▶ TASK OBJECTIVE
Copy nothing but the lines running from the one containing "använd en gång 💗" through the end of the listing below. Drop the pictures.

▶ PROVIDED MATERIAL
════════

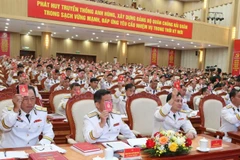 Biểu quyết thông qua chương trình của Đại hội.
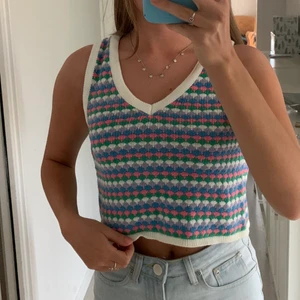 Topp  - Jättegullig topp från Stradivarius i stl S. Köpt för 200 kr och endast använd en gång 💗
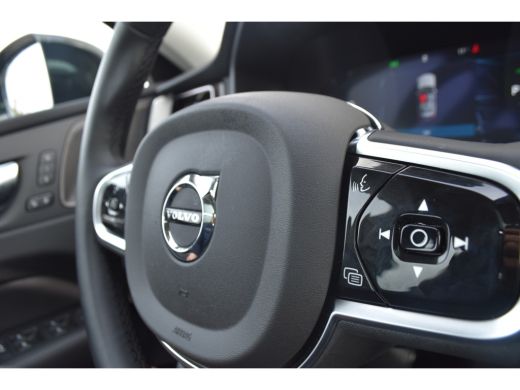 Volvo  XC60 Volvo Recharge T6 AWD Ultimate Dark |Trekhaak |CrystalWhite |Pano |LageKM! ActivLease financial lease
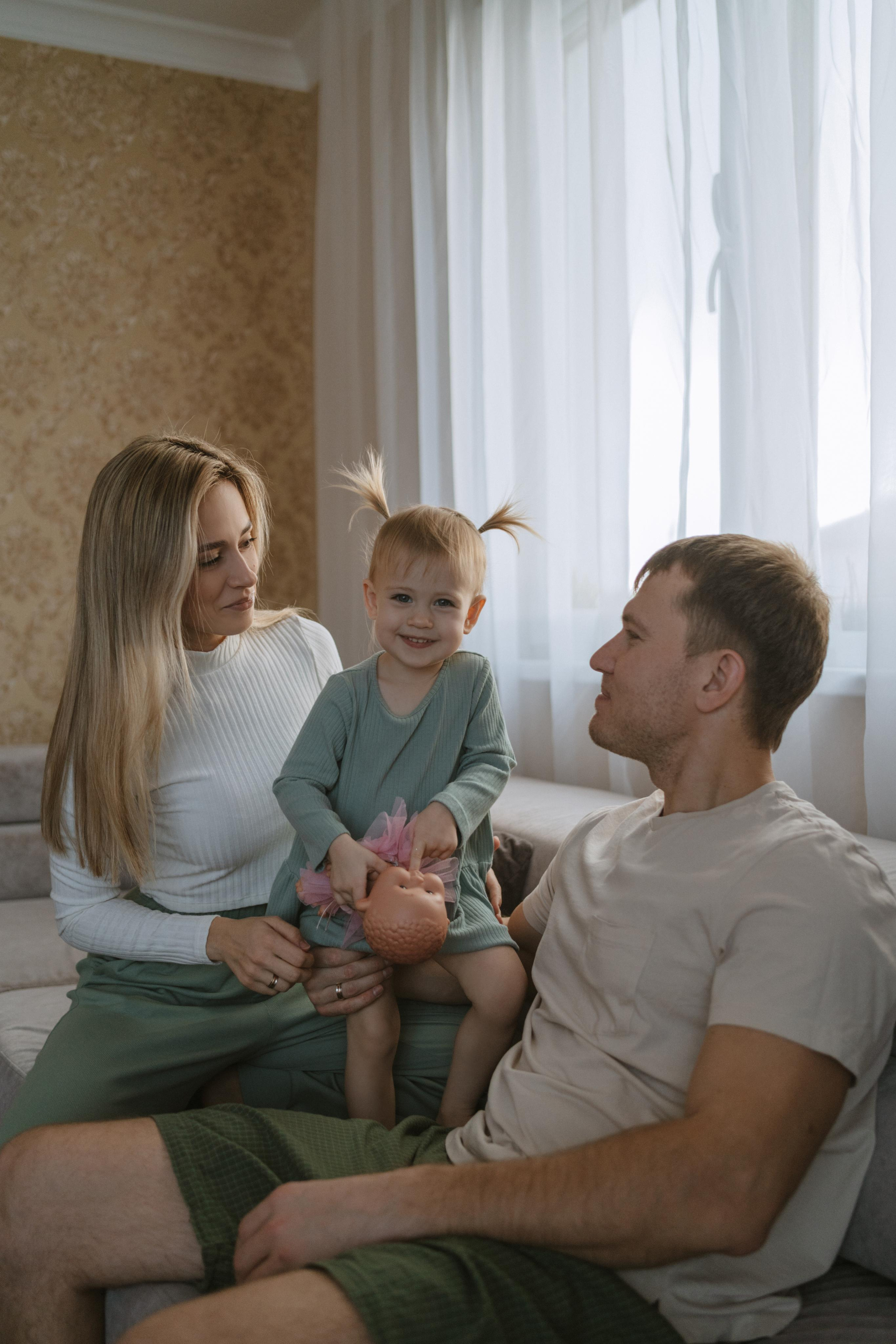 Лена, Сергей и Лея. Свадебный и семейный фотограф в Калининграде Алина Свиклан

════════

▶ THE ANSWER
 Topp  - Jättegullig topp från Stradivarius i stl S. Köpt för 200 kr och endast använd en gång 💗
 Volvo  XC60 Volvo Recharge T6 AWD Ultimate Dark |Trekhaak |CrystalWhite |Pano |LageKM! ActivLease financial lease
 Лена, Сергей и Лея. Свадебный и семейный фотограф в Калининграде Алина Свиклан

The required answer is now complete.